<<<<

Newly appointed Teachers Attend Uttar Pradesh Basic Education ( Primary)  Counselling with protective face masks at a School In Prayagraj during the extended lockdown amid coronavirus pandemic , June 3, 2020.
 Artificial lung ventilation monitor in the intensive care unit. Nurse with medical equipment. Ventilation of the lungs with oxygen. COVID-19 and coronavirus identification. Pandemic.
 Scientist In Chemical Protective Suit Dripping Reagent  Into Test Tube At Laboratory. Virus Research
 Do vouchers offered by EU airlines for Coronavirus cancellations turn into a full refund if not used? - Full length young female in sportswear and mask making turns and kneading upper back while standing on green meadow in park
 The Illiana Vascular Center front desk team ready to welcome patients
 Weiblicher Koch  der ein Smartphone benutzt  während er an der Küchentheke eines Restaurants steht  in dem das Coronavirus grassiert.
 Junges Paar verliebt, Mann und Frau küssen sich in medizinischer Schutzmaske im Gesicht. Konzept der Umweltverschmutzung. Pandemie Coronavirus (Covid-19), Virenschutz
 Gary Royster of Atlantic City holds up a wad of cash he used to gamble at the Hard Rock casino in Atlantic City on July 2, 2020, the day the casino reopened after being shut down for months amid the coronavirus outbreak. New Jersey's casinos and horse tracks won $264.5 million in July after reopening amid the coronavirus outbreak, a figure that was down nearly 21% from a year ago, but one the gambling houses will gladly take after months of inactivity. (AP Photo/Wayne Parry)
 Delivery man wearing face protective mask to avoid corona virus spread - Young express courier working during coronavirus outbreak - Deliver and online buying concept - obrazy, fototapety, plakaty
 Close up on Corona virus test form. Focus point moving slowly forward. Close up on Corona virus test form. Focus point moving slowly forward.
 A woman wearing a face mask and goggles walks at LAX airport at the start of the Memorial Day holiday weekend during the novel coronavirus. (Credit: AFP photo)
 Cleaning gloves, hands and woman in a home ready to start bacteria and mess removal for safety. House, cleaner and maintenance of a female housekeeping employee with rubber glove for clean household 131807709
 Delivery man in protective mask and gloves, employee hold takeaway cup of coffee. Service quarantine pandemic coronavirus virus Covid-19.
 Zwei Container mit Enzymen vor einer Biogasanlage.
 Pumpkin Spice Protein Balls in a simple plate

>>>>

Take the entries above and set them all down again exactly as they read.

Newly appointed Teachers Attend Uttar Pradesh Basic Education ( Primary)  Counselling with protective face masks at a School In Prayagraj during the extended lockdown amid coronavirus pandemic , June 3, 2020.
 Artificial lung ventilation monitor in the intensive care unit. Nurse with medical equipment. Ventilation of the lungs with oxygen. COVID-19 and coronavirus identification. Pandemic.
 Scientist In Chemical Protective Suit Dripping Reagent  Into Test Tube At Laboratory. Virus Research
 Do vouchers offered by EU airlines for Coronavirus cancellations turn into a full refund if not used? - Full length young female in sportswear and mask making turns and kneading upper back while standing on green meadow in park
 The Illiana Vascular Center front desk team ready to welcome patients
 Weiblicher Koch  der ein Smartphone benutzt  während er an der Küchentheke eines Restaurants steht  in dem das Coronavirus grassiert.
 Junges Paar verliebt, Mann und Frau küssen sich in medizinischer Schutzmaske im Gesicht. Konzept der Umweltverschmutzung. Pandemie Coronavirus (Covid-19), Virenschutz
 Gary Royster of Atlantic City holds up a wad of cash he used to gamble at the Hard Rock casino in Atlantic City on July 2, 2020, the day the casino reopened after being shut down for months amid the coronavirus outbreak. New Jersey's casinos and horse tracks won $264.5 million in July after reopening amid the coronavirus outbreak, a figure that was down nearly 21% from a year ago, but one the gambling houses will gladly take after months of inactivity. (AP Photo/Wayne Parry)
 Delivery man wearing face protective mask to avoid corona virus spread - Young express courier working during coronavirus outbreak - Deliver and online buying concept - obrazy, fototapety, plakaty
 Close up on Corona virus test form. Focus point moving slowly forward. Close up on Corona virus test form. Focus point moving slowly forward.
 A woman wearing a face mask and goggles walks at LAX airport at the start of the Memorial Day holiday weekend during the novel coronavirus. (Credit: AFP photo)
 Cleaning gloves, hands and woman in a home ready to start bacteria and mess removal for safety. House, cleaner and maintenance of a female housekeeping employee with rubber glove for clean household 131807709
 Delivery man in protective mask and gloves, employee hold takeaway cup of coffee. Service quarantine pandemic coronavirus virus Covid-19.
 Zwei Container mit Enzymen vor einer Biogasanlage.
 Pumpkin Spice Protein Balls in a simple plate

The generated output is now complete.